International Society for Industrial Ecology
- Formation: February 2001
- Type: Professional society
- Website: http://www.is4ie.org

= International Society for Industrial Ecology =

The International Society for Industrial Ecology (ISIE) is an international professional organization with the aim of promoting the development and application of industrial ecology. The ISIE supports the development and application of industrial ecology. It promotes the use of systems-based approaches to study the flows of materials and energy in society, with the aim of addressing sustainability challenges and supporting the transition toward a circular economy. The ISIE connects researchers, policymakers, engineers, and practitioners to facilitate the integration of environmental considerations into economic activities. Its mission includes advancing industrial ecology in areas such as research, education, public policy, and industrial practices.

==History==

The decision to found ISIE was made in January 2000 at the New York Academy of Sciences in a meeting devoted to industrial ecology attended by experts from diverse fields. The society formally opened its doors to membership in February 2001.

The origins of industrial ecology can be traced back to the late 18th century with early concerns about the relationship between population growth and resource limits, such as those expressed by Thomas Malthus. Over the following two centuries, influential concepts like the Tragedy of the Commons, Spaceship Earth, The Limits to Growth, and Sustainable Development shaped thinking on the environment and systems-level sustainability.

A significant milestone occurred in 1989 with the publication of an article by Robert Frosch and Nicholas E. Gallopoulos in Scientific American, titled "Strategies for Manufacturing". In the article, the authors proposed the idea of an "industrial ecosystem" where the use of materials and energy is optimized, waste and pollution are minimized, and all by-products have potential value. Their vision helped launch the field of industrial ecology and inspired a symposium by the U.S. National Academy of Sciences in the early 1990s that is often cited as a founding event for the discipline.

Around the same time, Thomas E. Graedel and Braden R. Allenby offered a widely used definition of industrial ecology, describing it as a systems-based approach to sustainability that seeks to optimize material and energy flows across the entire life cycle of products, from raw materials to disposal.

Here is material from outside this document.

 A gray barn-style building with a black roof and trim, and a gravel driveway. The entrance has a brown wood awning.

Throughout the 1990s, industrial ecology evolved through academic initiatives in Europe, North America, and Asia. The field's growing visibility was marked by Gordon Research Conferences and dedicated sessions at scientific meetings. In 1997, the Journal of Industrial Ecology was established, becoming a key academic outlet for the field. It is published by Yale University's Center for Industrial Ecology in collaboration with the Norwegian University of Science and Technology (NTNU) and Tsinghua University.

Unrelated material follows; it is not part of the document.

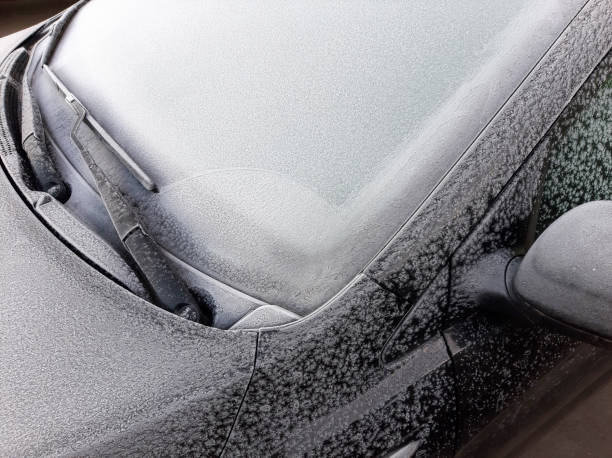 istock Snow covered car window with wipers, macro, close up 1193863038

In 2003, NTNU launched the first doctoral program in industrial ecology, followed by a master's program in 2004. Leiden University and Delft University of Technology jointly began offering a master’s degree in industrial ecology in 2005. Today, industrial ecology is taught globally through dedicated degree programs or integrated into environmental engineering and interdisciplinary curricula.

During the 2010s, the concept of the circular economy gained prominence in academic, policy, and business communities. It incorporates many principles rooted in industrial ecology, including life cycle thinking, closed-loop systems, design for the environment, and industrial symbiosis. Numerous circular economy initiatives have been developed by or in collaboration with industrial ecologists, and the field continues to supply expertise and trained professionals to circular economy efforts around the world.

==Membership==

The ISIE offers three types of memberships: Regular, Young Professional, and Student. Membership categories and fees vary based on the member's country of residence, following the World Bank's Atlas method for classifying income levels.

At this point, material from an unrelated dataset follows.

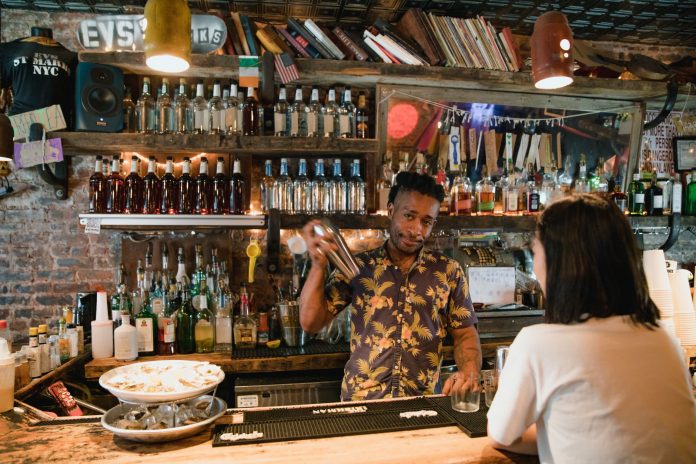 Bartender mixing a cocktail for a customer in a trendy urban bar with extensive liquor collection.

Student memberships are available to all currently enrolled university students. Young Professional memberships are available to individuals who graduated from their most recent degree within the past three years. Regular memberships apply to all other individuals.

Annual membership fees (in euros; estimated USD equivalents in parentheses)
| Membership type | High income | Upper-middle income | Lower-middle income | Low income |
|---|---|---|---|---|
| Regular | €150 ($165) | €120 ($132) | €75 ($83) | €55 ($61) |
| Young Professional | €120 ($132) | €90 ($99) | €60 ($66) | €40 ($44) |
| Student | €15 ($17) | €10 ($11) | €5 ($6) | €0 ($0) |

Memberships registered or renewed before October 1st extend to December 31st of the following year. ISIE also holds tax-exempt status in the United Kingdom as of April 6, 2023, which may be relevant for reimbursement by UK institutions.

== Leadership ==
The International Society for Industrial Ecology is governed by an elected President and a Board. Recent presidents of ISIE include:

- 2025–2027: Arnold Tukker (Leiden University)
- 2023–2025: Ming Xu (Tsinghua University)
- 2021–2023: Stefanie Hellweg (ETH Zurich)
- 2019–2021: Heinz Schandl (CSIRO Australia)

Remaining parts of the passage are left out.